Verteidigung hinterfragt Ermittlungstaktik der Hammelburger Polizei
Für die Verteidigungen der übriggebliebenen Angeklagten – zwei Brüder und ein 35-Jähriger – steht fest: Die Ermittlungen der Polizeiinspektion Hammelburg seien nicht ausreichend. Die Anwälte bemängeln, dass die Angriffe auf den ersten Unbekannten auf den Aussagen eines einzigen Zeugen beruhen.
Dessen Identität und auch die des zweiten Unbekannten habe der Ermittler, der alleine mit der Sachbearbeitung befasst gewesen sein soll, nicht feststellen können. Es sei ja wohl "kein Hexenwerk, im Krankenhaus anzurufen und zu fragen, ob jemand mit Kopfverletzungen behandelt wurde", sagt einer der Anwälte. Der Zeuge entgegnet: "Was möglich war, wurde von mir ermittelt."

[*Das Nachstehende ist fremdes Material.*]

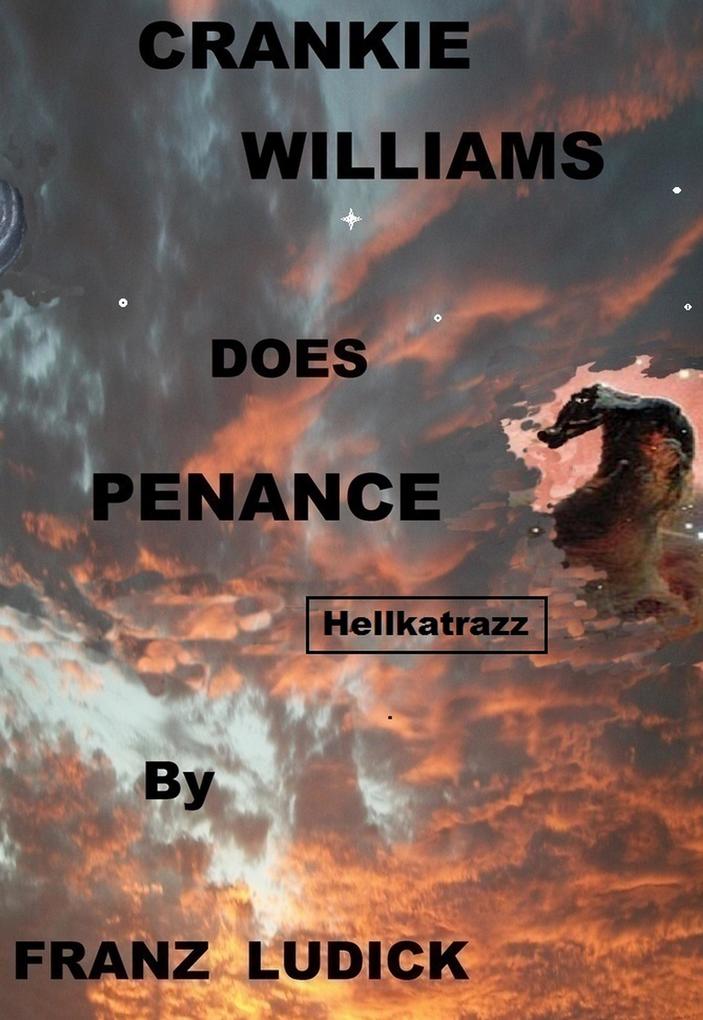 Produktbild: Crankie Williams Does Penance | Franz Ludick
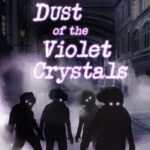 The Dust of the Violet Crystals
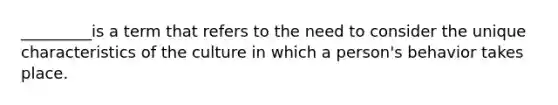 _________is a term that refers to the need to consider the unique characteristics of the culture in which a person's behavior takes place.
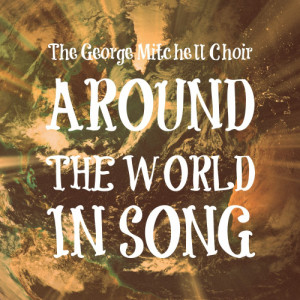 The George Mitchell Choir的專輯Around the World in Song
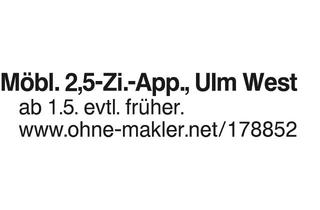 Wohnung mieten in 89081 Ulm, 2,5 Zi -APP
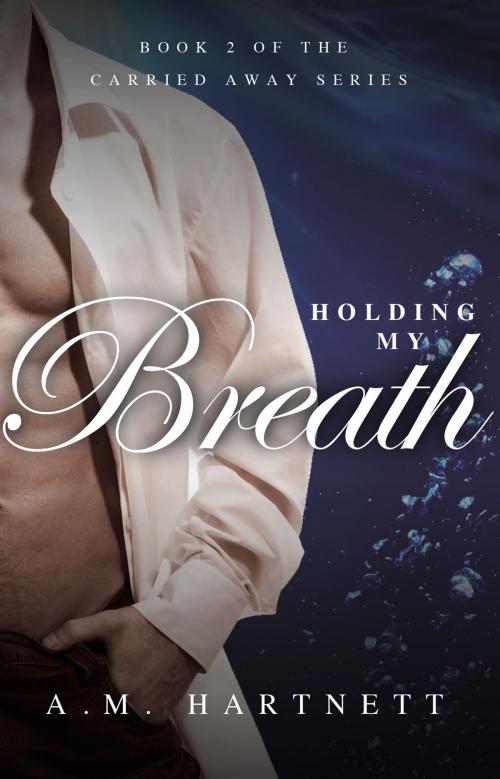 Cover of the book Holding My Breath (Carried Away, Book 2) by AM Hartnett, HarperCollins Publishers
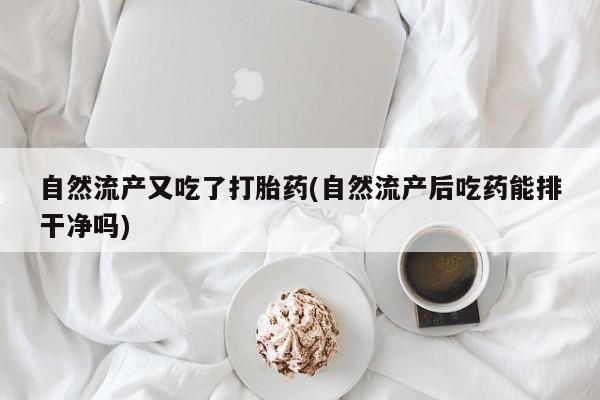 堕胎药购买自然流产又吃了打胎药(自然流产后吃药能排干净吗)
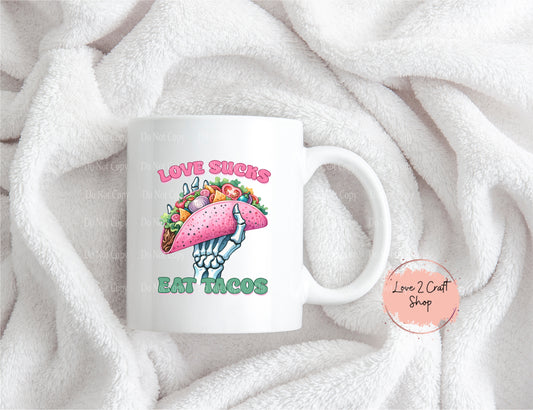 Anti-Valentines Love Sucks eat Tacos Mug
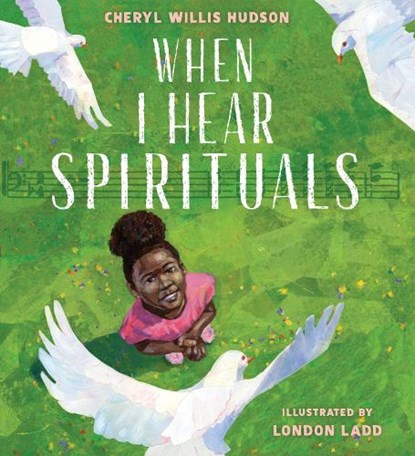 When I Hear Spirituals, Cheryl Willis Hudson - Gebonden - 9780823453801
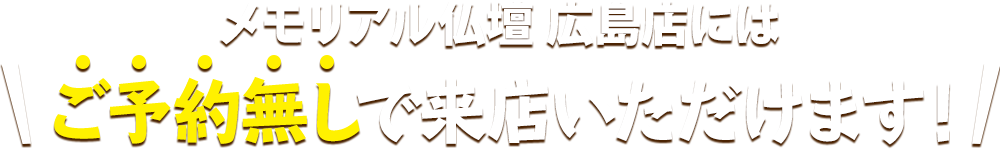 メモリアル仏壇 広島店にはご予約無しで来店いただけます！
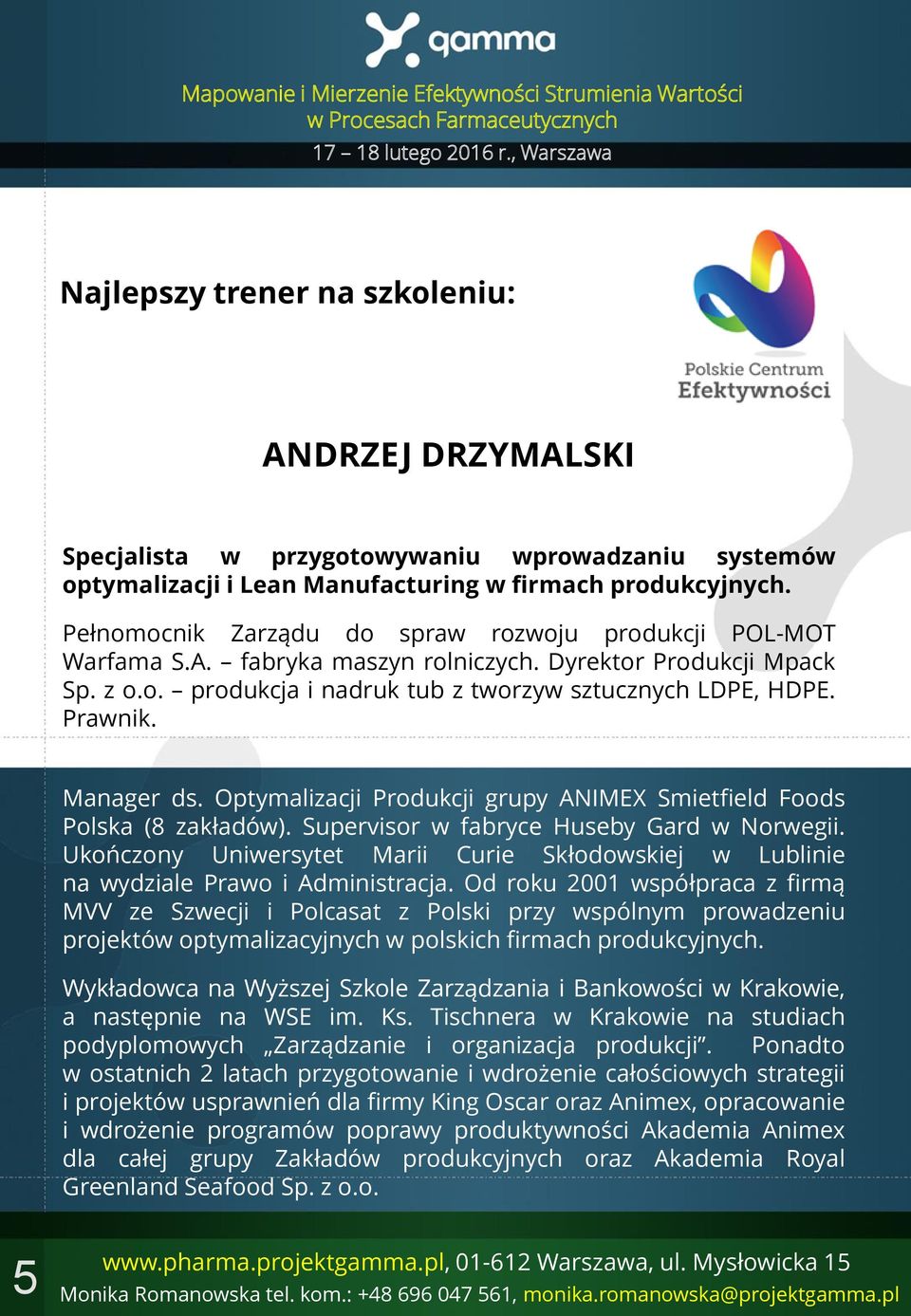 Manager ds. Optymalizacji Produkcji grupy ANIMEX Smietfield Foods Polska (8 zakładów). Supervisor w fabryce Huseby Gard w Norwegii.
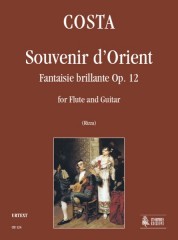 Costa, Onorato : Souvenir d’Orient. Fantaisie brillante Op. 12 for Flute and Guitar Costa, Onorato : Souvenir d’Orient. Fantaisie brillante Op. 12 for Flute and Guitar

Ein Angeklagter hätte Angst vor der Polizei und würde dann wegrennen
Einsicht in den Charakter der beiden angeklagten Brüder gibt vor Gericht in Schweinfurt eine Familienfreundin. Die Zeugin spricht von Schwierigkeiten in der Familie und der Schule, von Problemen mit der Polizei. Einer der Brüder "hat Angst vor der Polizei", sagt sie. "Wenn er nicht weiß, wie er eine Situation bewältigen kann, dann rennt er weg und ruft um Hilfe."

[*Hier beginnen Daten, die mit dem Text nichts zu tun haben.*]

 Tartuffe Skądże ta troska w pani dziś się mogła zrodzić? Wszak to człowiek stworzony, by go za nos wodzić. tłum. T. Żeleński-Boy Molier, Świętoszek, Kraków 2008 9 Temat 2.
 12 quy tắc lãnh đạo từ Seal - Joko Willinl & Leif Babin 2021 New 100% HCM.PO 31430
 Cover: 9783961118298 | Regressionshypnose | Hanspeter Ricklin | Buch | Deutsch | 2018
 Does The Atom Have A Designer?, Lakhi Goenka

In Stresssituationen sage er schon mal, er habe eine Kalaschnikow oder ein Messer dabei, schildert die Familienfreundin. Zudem grinse er in unpassenden Situationen. "Das ist hier eine Stresssituation. Nicht, dass hier der Eindruck entsteht, er würde die Verhandlung nicht ernst nehmen", fügt sein Verteidiger hinzu.
Eine psychiatrische Gutachterin stellt bei dem Bruder keine Persönlichkeitsstörung fest, jedoch liege aufgrund einer Erkrankung eine "gesteigerte Impulsivität" vor. Schon als Kind sei er "leicht aggressiv" und "aufbrausend" gewesen. Die Gutachterin hält den 21-Jährigen für den Tatabend für vermindert schuldfähig aufgrund erheblicher Steuerungsmängel – durch seine Erkrankung und die Intoxikation mit Alkohol und Betäubungsmitteln nach dem Faschingsumzug in Hammelburg.